ChEMBL Project meeting summary

HP 2011-01-06

Focus

The aim of the meeting was to foster the creation of a pre-competitive alliance of Pipeline Pilot and ChEMBL users in which data, methods, components and protocols that work with ChEMBL derived data can be developed and shared.

Introduction

The meeting started with an introduction from Richard Compton describing the events leading to the meeting and referring to the Pistoia alliance as an example of how an industrially sponsored initial meeting can lead to a persistent, pre-competitive outcome. Brad Sherborne followed with a description of the practical motivators which inspired the call for such a meeting, in particular the suspected wasted effort in many companies developing similar Pipeline Pilot components and protocols and in particular those associated with the preparation, integration, presentation and exploration of the ChEMBL database.

Aspirations

Aspirations for the day and beyond were delivered by Noj Malcolm, John Overington and Brad Sherborne, emphasising the hope to create an open, collaborative community effort with protocols and components that matured and evolved, that were available solely as such for download and install or also were implemented as ChEMBL hosted services or at work behind ChEMBL interfaces. The challenge of bringing together open and commercial interests was noted.
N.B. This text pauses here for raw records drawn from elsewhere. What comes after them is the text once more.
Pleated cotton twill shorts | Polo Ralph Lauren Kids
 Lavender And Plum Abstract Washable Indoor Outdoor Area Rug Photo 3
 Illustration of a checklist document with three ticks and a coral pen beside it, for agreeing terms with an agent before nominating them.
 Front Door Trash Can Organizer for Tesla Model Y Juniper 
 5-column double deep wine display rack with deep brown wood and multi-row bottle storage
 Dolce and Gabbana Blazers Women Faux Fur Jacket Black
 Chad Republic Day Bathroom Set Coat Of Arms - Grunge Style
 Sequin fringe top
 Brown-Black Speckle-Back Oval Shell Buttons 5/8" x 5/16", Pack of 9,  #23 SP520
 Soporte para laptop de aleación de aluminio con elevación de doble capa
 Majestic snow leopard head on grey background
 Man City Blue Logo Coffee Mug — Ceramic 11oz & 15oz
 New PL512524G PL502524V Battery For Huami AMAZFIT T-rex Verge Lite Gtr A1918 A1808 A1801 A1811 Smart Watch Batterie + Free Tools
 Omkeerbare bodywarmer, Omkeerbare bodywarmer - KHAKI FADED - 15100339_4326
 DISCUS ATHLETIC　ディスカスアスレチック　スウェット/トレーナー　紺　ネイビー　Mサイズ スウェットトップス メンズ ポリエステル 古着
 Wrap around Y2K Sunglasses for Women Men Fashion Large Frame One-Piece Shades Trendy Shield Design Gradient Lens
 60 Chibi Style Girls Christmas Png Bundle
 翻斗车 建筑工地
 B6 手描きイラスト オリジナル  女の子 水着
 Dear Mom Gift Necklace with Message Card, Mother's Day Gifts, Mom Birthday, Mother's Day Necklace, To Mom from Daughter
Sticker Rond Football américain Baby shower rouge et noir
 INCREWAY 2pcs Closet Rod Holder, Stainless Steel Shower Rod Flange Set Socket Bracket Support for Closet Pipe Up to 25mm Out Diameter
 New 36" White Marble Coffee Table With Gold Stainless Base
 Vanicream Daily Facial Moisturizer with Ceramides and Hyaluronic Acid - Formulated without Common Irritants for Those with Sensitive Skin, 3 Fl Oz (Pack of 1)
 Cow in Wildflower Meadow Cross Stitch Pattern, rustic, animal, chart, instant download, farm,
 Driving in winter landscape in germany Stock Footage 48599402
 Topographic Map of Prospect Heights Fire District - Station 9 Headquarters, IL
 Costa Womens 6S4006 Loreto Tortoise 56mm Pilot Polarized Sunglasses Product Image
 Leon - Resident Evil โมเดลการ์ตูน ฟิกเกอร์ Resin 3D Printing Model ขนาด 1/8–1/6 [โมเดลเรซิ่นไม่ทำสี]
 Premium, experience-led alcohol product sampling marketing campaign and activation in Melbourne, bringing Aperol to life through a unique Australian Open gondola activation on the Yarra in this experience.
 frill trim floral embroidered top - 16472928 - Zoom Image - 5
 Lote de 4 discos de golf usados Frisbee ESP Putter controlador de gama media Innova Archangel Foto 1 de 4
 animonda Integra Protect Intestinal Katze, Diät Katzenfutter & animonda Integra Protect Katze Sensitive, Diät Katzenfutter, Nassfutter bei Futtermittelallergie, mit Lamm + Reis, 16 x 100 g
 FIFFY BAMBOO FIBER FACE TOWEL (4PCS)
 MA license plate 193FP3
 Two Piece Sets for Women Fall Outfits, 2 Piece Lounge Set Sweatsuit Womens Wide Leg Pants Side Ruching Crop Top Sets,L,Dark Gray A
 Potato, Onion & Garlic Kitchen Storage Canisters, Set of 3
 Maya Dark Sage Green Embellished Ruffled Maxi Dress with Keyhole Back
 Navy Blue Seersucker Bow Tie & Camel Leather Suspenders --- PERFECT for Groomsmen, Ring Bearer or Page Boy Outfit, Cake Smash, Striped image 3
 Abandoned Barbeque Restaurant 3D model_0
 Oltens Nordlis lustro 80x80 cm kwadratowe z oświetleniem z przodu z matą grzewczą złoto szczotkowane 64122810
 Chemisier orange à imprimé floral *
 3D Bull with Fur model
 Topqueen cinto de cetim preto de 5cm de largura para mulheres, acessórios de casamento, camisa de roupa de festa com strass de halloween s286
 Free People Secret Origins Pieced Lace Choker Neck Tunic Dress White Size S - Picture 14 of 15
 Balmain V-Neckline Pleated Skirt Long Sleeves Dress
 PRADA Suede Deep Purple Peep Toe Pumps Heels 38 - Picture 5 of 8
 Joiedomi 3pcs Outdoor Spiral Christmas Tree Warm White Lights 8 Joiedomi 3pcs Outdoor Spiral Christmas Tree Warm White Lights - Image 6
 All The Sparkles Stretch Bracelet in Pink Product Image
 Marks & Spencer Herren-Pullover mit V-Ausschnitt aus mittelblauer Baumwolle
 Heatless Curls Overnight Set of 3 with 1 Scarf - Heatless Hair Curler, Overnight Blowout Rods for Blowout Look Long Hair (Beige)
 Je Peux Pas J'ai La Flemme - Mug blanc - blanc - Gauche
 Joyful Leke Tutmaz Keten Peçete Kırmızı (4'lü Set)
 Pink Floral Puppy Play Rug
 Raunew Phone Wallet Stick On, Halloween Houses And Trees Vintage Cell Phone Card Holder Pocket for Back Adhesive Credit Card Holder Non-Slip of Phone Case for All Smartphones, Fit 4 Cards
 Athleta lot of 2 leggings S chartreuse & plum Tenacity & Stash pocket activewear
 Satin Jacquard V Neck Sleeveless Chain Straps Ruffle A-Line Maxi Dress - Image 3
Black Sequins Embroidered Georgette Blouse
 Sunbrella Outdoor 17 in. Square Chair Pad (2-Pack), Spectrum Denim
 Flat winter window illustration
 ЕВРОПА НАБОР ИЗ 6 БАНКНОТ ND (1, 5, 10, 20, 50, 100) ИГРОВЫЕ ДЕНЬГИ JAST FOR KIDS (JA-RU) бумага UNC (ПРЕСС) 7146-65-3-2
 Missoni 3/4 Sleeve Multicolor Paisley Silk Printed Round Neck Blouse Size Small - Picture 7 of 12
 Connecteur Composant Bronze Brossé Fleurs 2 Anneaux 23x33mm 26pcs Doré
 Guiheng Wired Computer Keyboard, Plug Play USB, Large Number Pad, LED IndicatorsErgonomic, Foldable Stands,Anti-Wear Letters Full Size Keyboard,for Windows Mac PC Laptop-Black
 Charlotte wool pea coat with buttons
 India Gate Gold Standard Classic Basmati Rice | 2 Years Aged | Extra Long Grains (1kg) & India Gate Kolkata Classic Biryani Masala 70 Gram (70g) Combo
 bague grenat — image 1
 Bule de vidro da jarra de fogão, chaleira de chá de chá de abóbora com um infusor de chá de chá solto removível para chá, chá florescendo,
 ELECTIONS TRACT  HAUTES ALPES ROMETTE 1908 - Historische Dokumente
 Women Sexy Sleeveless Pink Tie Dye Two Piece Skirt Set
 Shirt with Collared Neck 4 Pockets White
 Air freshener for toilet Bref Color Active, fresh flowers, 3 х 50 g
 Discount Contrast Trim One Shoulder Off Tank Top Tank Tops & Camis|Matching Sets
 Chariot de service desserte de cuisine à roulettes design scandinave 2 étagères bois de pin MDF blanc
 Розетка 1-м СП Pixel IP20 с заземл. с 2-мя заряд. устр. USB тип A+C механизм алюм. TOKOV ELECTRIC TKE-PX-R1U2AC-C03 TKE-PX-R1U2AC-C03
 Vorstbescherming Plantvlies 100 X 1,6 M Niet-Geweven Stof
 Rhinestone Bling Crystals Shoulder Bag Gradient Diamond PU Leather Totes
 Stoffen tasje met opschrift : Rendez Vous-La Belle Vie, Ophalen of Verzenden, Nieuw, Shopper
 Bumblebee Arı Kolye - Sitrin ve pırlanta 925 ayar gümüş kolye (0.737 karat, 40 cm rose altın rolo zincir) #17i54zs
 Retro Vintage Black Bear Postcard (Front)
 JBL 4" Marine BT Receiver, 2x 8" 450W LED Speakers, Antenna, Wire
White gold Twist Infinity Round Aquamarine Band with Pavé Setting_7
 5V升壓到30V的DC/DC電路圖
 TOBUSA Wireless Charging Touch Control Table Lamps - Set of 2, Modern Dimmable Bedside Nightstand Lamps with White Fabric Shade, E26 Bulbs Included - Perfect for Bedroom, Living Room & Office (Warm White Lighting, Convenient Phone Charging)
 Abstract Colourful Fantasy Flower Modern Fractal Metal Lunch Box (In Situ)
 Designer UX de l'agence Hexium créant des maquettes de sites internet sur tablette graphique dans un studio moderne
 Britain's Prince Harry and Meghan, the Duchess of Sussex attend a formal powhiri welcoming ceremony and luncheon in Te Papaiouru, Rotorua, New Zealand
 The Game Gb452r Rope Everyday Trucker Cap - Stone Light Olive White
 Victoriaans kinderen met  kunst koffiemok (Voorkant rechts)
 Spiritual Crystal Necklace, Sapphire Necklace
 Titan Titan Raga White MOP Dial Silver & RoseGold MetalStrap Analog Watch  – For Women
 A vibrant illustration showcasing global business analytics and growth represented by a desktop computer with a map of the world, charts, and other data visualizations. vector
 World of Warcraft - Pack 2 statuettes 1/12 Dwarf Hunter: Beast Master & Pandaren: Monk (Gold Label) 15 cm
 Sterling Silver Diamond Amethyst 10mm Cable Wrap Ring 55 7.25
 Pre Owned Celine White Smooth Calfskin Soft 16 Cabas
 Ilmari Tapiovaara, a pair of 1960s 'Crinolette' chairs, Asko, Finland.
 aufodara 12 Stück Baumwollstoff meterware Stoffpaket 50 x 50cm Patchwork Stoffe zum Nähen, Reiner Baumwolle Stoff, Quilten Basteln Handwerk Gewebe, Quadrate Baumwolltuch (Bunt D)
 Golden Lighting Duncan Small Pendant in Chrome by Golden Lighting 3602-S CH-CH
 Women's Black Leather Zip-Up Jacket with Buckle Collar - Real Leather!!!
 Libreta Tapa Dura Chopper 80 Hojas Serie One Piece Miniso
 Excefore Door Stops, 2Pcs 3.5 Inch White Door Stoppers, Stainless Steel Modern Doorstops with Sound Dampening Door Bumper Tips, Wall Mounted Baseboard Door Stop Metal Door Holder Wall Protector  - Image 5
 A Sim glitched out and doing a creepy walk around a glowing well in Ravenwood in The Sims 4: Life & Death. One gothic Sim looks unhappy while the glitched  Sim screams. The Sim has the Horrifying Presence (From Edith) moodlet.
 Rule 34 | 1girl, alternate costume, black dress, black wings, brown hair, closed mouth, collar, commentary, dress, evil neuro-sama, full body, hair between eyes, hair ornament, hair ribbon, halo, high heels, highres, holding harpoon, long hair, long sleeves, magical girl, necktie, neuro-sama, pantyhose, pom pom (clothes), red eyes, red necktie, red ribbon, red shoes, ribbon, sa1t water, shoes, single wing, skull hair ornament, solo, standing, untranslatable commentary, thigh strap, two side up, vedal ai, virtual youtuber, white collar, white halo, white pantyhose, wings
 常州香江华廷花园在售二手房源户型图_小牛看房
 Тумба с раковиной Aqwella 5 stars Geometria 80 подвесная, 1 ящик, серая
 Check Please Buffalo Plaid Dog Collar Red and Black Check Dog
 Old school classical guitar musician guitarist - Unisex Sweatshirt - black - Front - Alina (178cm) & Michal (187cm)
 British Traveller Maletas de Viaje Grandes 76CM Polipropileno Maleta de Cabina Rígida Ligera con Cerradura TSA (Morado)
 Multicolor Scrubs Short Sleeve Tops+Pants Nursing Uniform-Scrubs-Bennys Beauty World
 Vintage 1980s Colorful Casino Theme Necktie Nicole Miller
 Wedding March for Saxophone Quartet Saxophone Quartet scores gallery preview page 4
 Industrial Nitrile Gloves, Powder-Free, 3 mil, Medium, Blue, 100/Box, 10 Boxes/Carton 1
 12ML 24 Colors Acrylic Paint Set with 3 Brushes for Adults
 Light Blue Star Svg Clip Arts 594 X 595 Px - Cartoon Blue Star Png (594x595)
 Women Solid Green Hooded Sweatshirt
Communication, Membership and Projects

It was agreed that the current membership of the group (the attendees) would need to be increased to include and be limited to PP users, though care would need to be taken to maintain focus on the first projects as new members accrete.

In order to initiate efforts the aim for the day was to identify a handful of key “projects” and assign folks to these to ensure ownership and leadership. Contributions to the projects might be guidance on functionality and commenting on beta versions or some code or tables from industry.

To facilitate communication within projects and within this community, a set of closed groups will be created on the Accelrys Forums resource. It was noted that the necessity and incentive for initially closed communication revolve around the opportunity for publications.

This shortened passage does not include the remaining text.